The answer to “why a society” is threefold.  First, we, those who have founded this particular society, need it for the sake of our souls. We think others might need it as well.  Second, we believe the Church needs – as she has often needed in the past – societies whose purpose it is to gather Christians who, faithful to the Church and her mission, are willing  in their secular vocations  and in their parish ministries, to live their lives in mutual accountability according to a specific and demanding rule of life. Finally, we believe the world needs such Christian societies. As a mission arm of the Church such societies can be powerful agents of social transformation through adhesion to the source of all life.

I. For Individuals

As individual Christians we are at sea in a world that is by now dogmatically secular and that is exerting enormous pressure on Christians to keep their faith private, unrelated either to the life of the mind or to the common good. It is a self-help tool, experiential and personal. Furthermore, our culture is not supportive of a life of discipline and commitment. We are encouraged to seek our own happiness at all costs as long as we don’t infringe on the rights of others. This pressure, added to our human propensity to rebellion against God, makes us prone to complacency, unbelief, living without roots.
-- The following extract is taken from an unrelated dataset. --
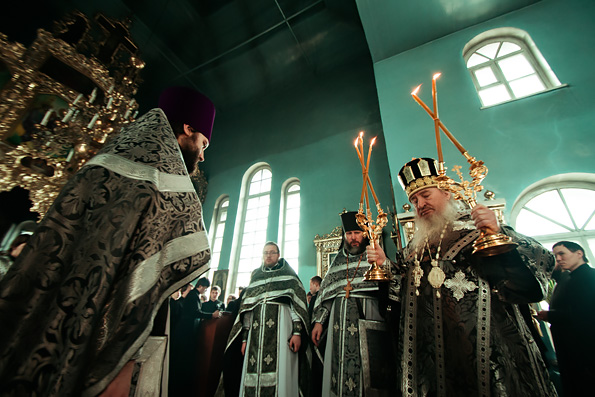 В среду первой седмицы Великого поста митрополит Феофан совершил Литургию Преждеосвященных Даров в храме Казанской семинарии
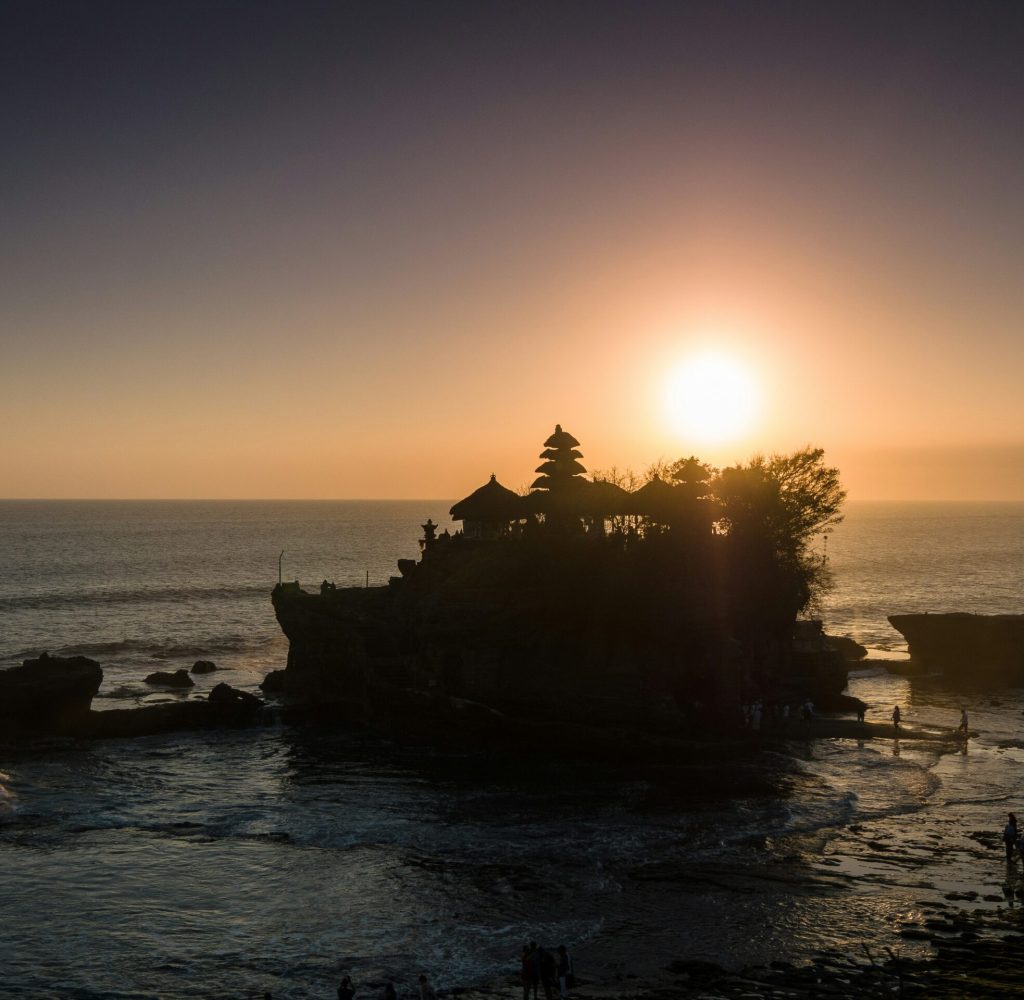 tanah lot sunset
We, the founders of the society, have recognized that only through constant exposure to the great mysteries of the sacraments, the scriptural proclamation of grace, and through bonds of affection and interdependency are we sustained and pushed forward in our life of faith, particularly in this culture.  A call to a life of worship as well as mentors and fellows that call us constantly to act wisely and think deeply create the possibility for personal transformation, which in turn enables us to act on our world.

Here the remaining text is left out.